**HOW TO COMPLETE THIS TASK:**
In the records below, find the line containing "कधी उतरणार? 'या'", then copy that line and all lines after it, exactly, omitting every picture.

**DATA FOR THE TASK:**
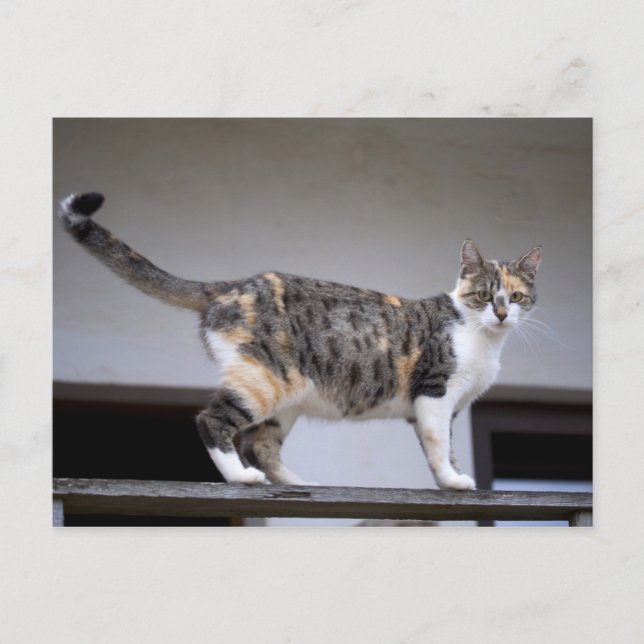 Carte Postale Calico Cat au balcon (Devant)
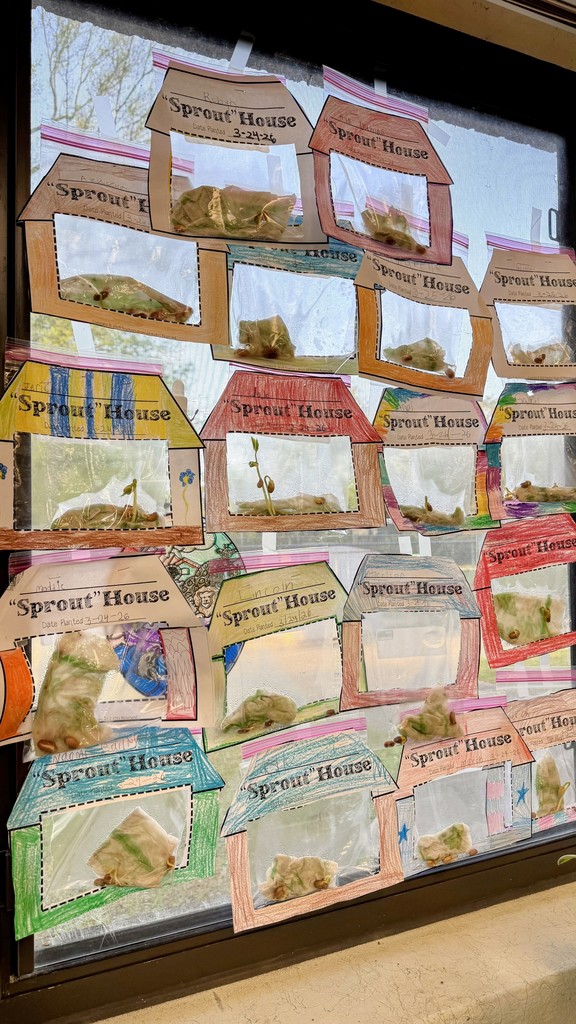 Life Cycle of a Plant 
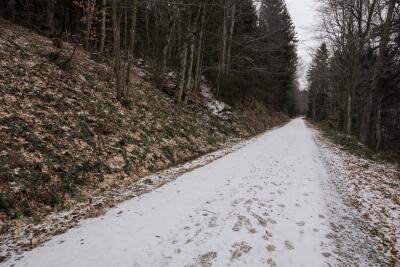 Gemütlicher Weg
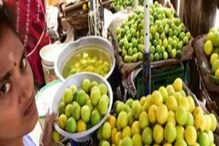 'या' कारणांमुळे लिंबू उन्हापेक्षाही झाला HOT, भाव कधी उतरणार? 'या' कारणांमुळे लिंबू उन्हापेक्षाही झाला HOT, भाव कधी उतरणार?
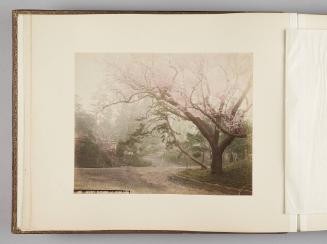 Cherry Blossoms at Uyeno Park   from Views of Tokyo, Nikko, Yokohama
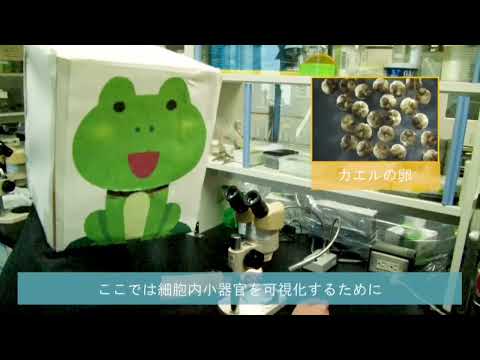 【山口大学OC2025／理学部／生物学科】（研究室紹介）生物学科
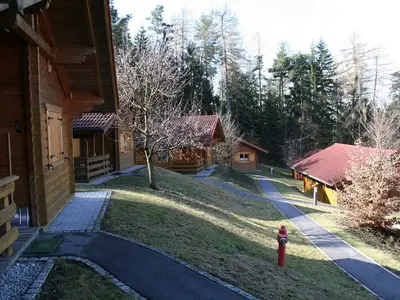 Haeuser am Waldrand des Ferienparks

**WRITTEN ANSWER:**
 'या' कारणांमुळे लिंबू उन्हापेक्षाही झाला HOT, भाव कधी उतरणार? 'या' कारणांमुळे लिंबू उन्हापेक्षाही झाला HOT, भाव कधी उतरणार?
 Cherry Blossoms at Uyeno Park   from Views of Tokyo, Nikko, Yokohama
 【山口大学OC2025／理学部／生物学科】（研究室紹介）生物学科
 Haeuser am Waldrand des Ferienparks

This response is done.